Tout va bien, d’après ma gynéco.
— Non, tout va pas bien, Maude. Je suis enceinte.
— Le bébé va bien, si vous préférez.
Honnêtement, je sais pas si je préfère.
— Avez-vous réfléchi à vos options ?
— Je suis pas vraiment d’humeur à avoir cette discussion.
— Ah. Pourtant, la situation s’y prête. En avez-vous parlé avec votre partenaire ?
— Non. Plutôt avaler ma langue.
— Pourquoi donc ?
— J’en sais rien, c’est comme ça.
J’écourte l’entrevue. Penser à Reiner me lèse les neurones. Mon répondeur est rempli de ses murmures, mes messages de ses mots coupants. La complaisance a ses limites, même chez les superhéros. Mon silence le contrarie. Il dure depuis huit jours, si j’ai bien compté.
Le gala d’anniversaire organisé par son père est ce vendredi soir. J’ai promis à Reiner d’y être. Les principes, j’en ai peu, mais la parole, j’en ai qu’une. On ne peut pas avoir que des défauts. J’irai. Pas pour lui parler du bébé, mais j’irai. Advienne que pourra.
L’odeur de tabac froid, de poussière, de vieux cuir et d’huile de moteur m’écœure. Sept ans d’investissement dans une voiture de collection mal restaurée.
Une chanson pop sature les hautparleurs de la radio. Lily pioche dans un paquet de chips qu’elle émiette, affalée sur le siège passager, les pieds sur le tableau de bord. Elle a fait de la provocation son moyen de communication principal.
— T’as été hyper longue et il fait hyper chaud, se plaint-elle.

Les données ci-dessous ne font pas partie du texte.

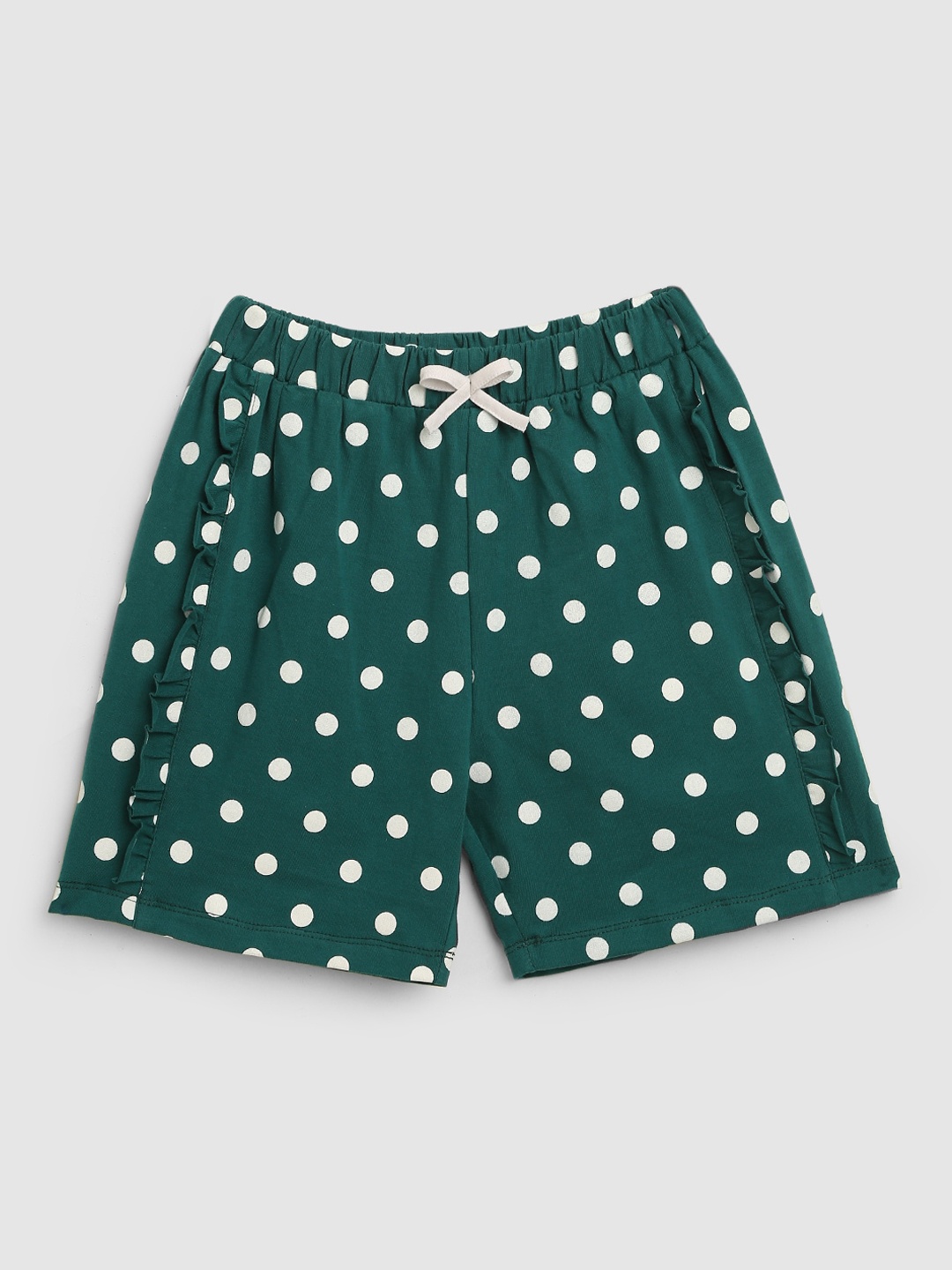 

YK Girls Green Printed Shorts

Je coupe la musique. Perdre sa bande son la refroidit, elle se redresse et boucle sa ceinture, ce qui m’empêchera pas de lui faire nettoyer l’intérieur de la Mustang demain.
— T’étais pas obligée de me suivre, rappelé-je.
— Y a rien à faire à la maison. T’as même pas Netflix.
— Mince alors, encore une bonne raison de rentrer chez toi.
— Si tu me rendais mon téléphone, j’arrêterais de t’embêter.
— Bien sûr que non, t’arrêterais pas. Tu serais encore là, chez moi, à râler toutes les fois que je te demande de respecter mes règles. Si la vie était juste, tu te serais retrouvée sur une aire d’autoroute glauque le soir de ta fugue, t’aurais dû claquer tout ton argent de poche dans des frais d’hôtel miteux, pour te réveiller la faim au ventre et sans une thune. Tu te serais faite pincer par la police pour vol à l’étalage d’un foutu sandwich industriel et t’aurais plus eu qu’à attendre que ta salope de mère vienne te chercher au commissariat.
Le salope était probablement de trop. Probablement pas destiné à Emma non plus. J’imagine que c’est terriblement cliché, pour une femme, d’être en conflit avec sa mère, mais c’est difficile d’être originale. Il faudrait que je sache pardonner. La rancune, c’est plus facile, ça s’entretient tout seul, pas comme l’amour. Il suffit d’un rien pour rendre un ressentiment réciproque. Bientôt, Reiner me méprisera pour l’avoir ignoré et je pourrai le mépriser en retour pour m’avoir méprisée le premier.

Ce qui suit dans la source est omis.